● **Exercise**
A faithful copy of the listing below is needed, with its pictures left out.

● **The data**
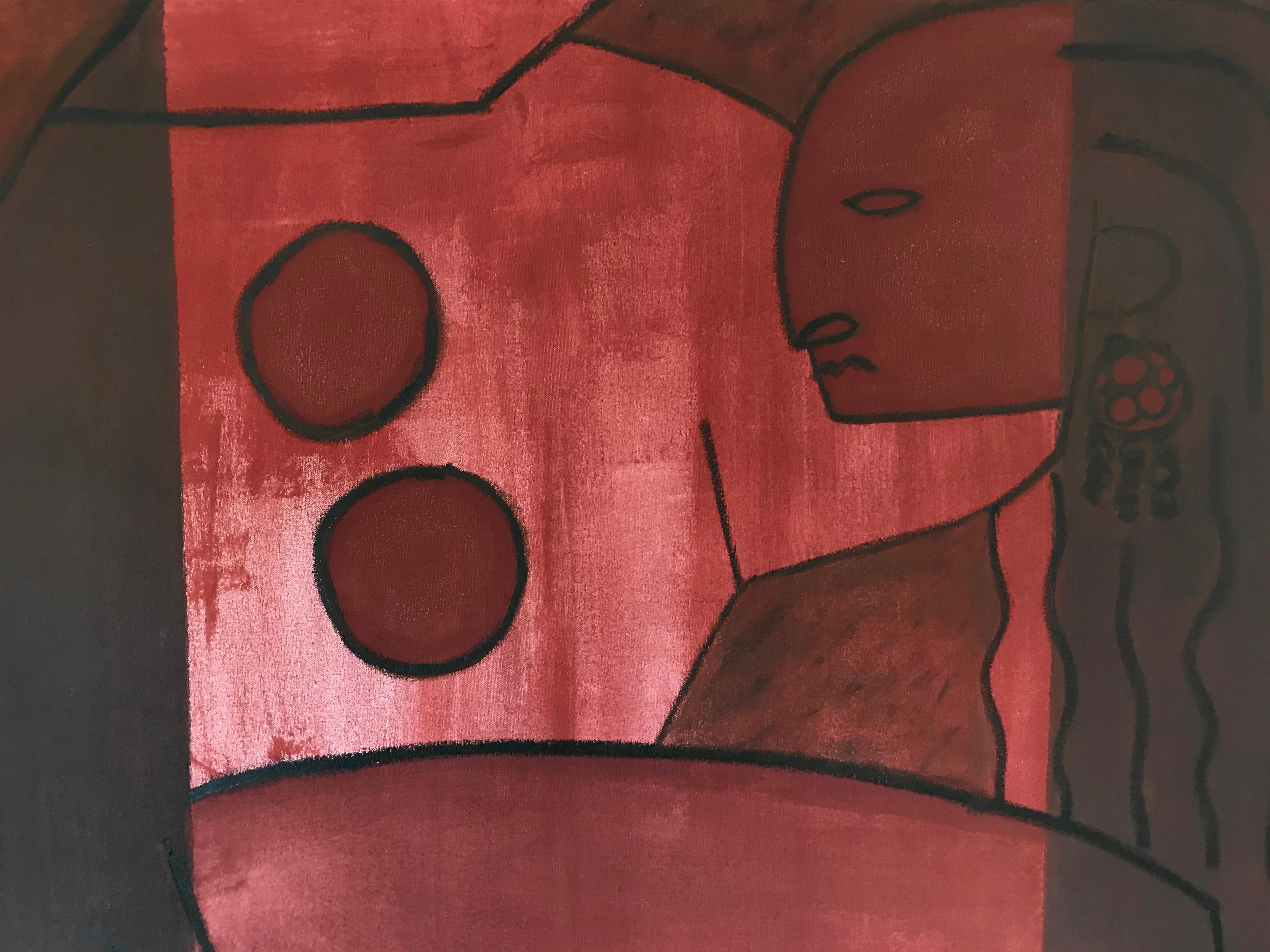 Mujer de Arcilla, Contemporary Art, Painting, 21st Century - Brown Abstract Painting by Ivan Barrera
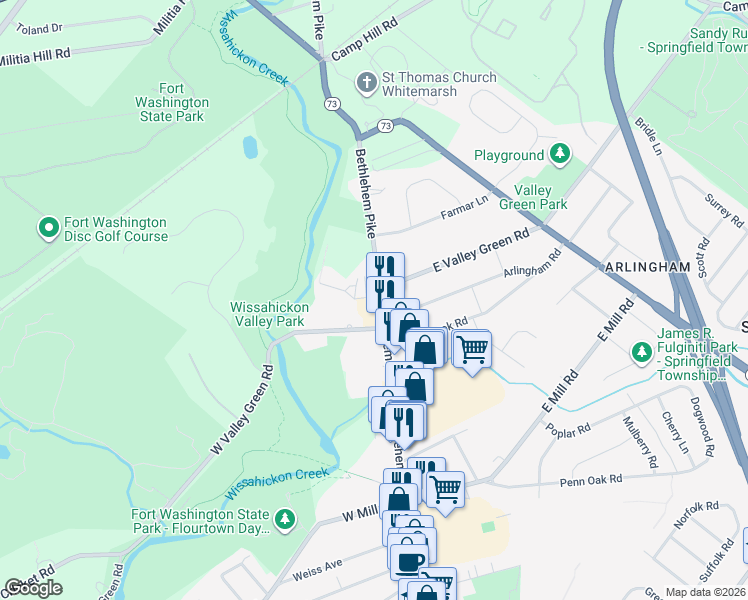 map of restaurants, bars, coffee shops, grocery stores, and more near 6201 Henry Lane in Flourtown
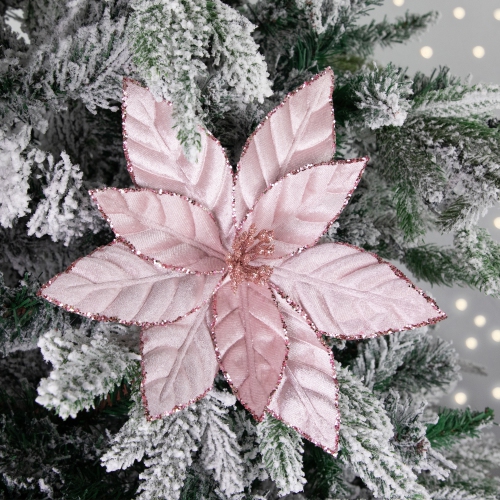 10" Pink Glittered Poinsettia Christmas Floral Clip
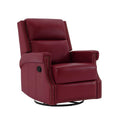 Fauteuil inclinable pivotant en cuir véritable avec accents cloutés 360 degrés Bordeaux Noir Chameau Bleu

● **Task solution**
 Mujer de Arcilla, Contemporary Art, Painting, 21st Century - Brown Abstract Painting by Ivan Barrera
 map of restaurants, bars, coffee shops, grocery stores, and more near 6201 Henry Lane in Flourtown
 10" Pink Glittered Poinsettia Christmas Floral Clip
 Fauteuil inclinable pivotant en cuir véritable avec accents cloutés 360 degrés Bordeaux Noir Chameau Bleu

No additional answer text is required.